Keep your phone out of your bedroom: This will be my solution for my nightly TikTok obsession. If the phone’s not there, I can stop being tempted to grab it. If you’re a nighttime scroller like me, this could help.
Delete problematic apps: A couple of years ago, Facebook became a problem for me. I was doomscrolling all the time and constantly angry. So I deleted the app from my phone. I still had access via my desktop, but not having the app in my hand made it easier not to obsess.

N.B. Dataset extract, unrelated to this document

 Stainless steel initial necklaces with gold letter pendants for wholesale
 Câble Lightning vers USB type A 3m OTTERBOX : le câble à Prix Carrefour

Turn off notifications: I did this years ago and it still stands. None of my social media apps make a sound or show up on my phone screen in any way. The only way I can see if I have notifications is if I open the app. This helps to reduce the temptation to pick up my phone.
Therapy: There may be other factors unrelated to the social media itself that are driving you to tune out of day-to-day life. It may not be as simple as deleting an app or two. If you’re suffering from anxiety and/or depression and using social media as an escape, talk to a professional.
At its best, social media is a fun addition to our daily lives. It keeps us in touch with friends and aware of current events. At its worst, it’s a time suck and a soul-sucking toxic waste dump. If social media has you leaning toward the latter, it’s time to reevaluate how you use it.